(EXERCISE DIRECTIONS) Set down the data below in full, exactly as it reads, but without the pictures.

(DATA EXCERPT)

--*--

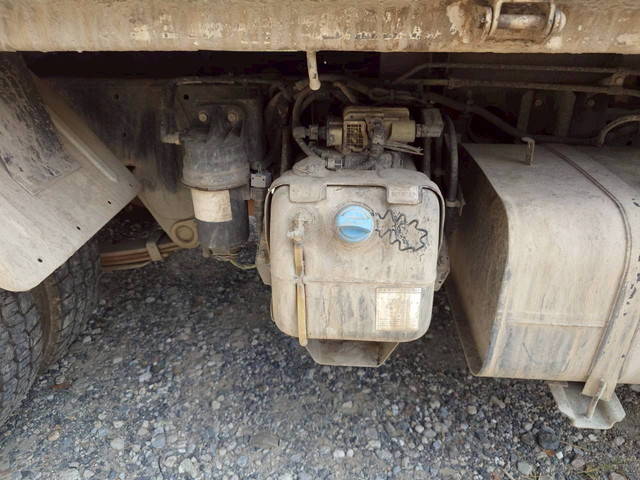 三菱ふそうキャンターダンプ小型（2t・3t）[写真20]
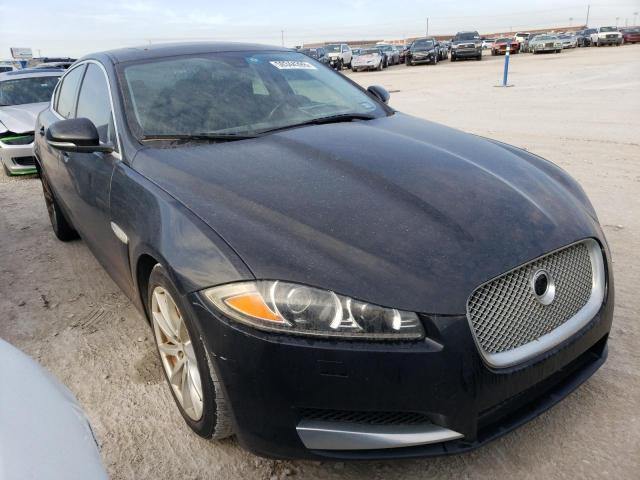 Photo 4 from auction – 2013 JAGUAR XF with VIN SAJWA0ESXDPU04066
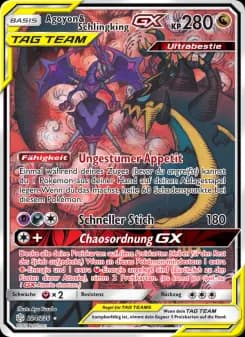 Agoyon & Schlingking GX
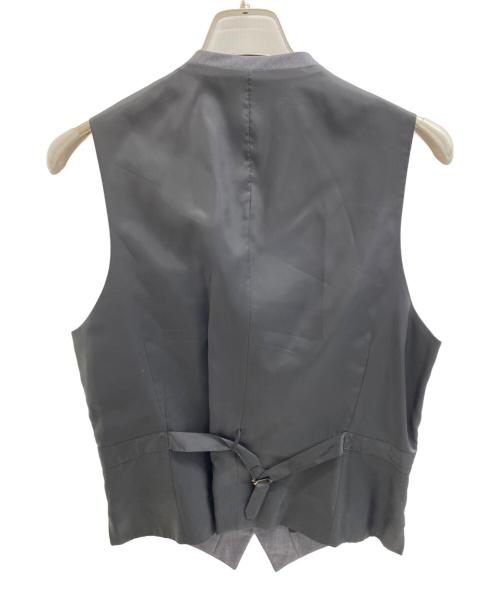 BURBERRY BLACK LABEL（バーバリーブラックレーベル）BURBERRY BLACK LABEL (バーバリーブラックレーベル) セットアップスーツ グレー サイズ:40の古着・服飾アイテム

--*--

(WRITTEN ANSWER)
 三菱ふそうキャンターダンプ小型（2t・3t）[写真20]
 Photo 4 from auction – 2013 JAGUAR XF with VIN SAJWA0ESXDPU04066
 Agoyon & Schlingking GX
 BURBERRY BLACK LABEL（バーバリーブラックレーベル）BURBERRY BLACK LABEL (バーバリーブラックレーベル) セットアップスーツ グレー サイズ:40の古着・服飾アイテム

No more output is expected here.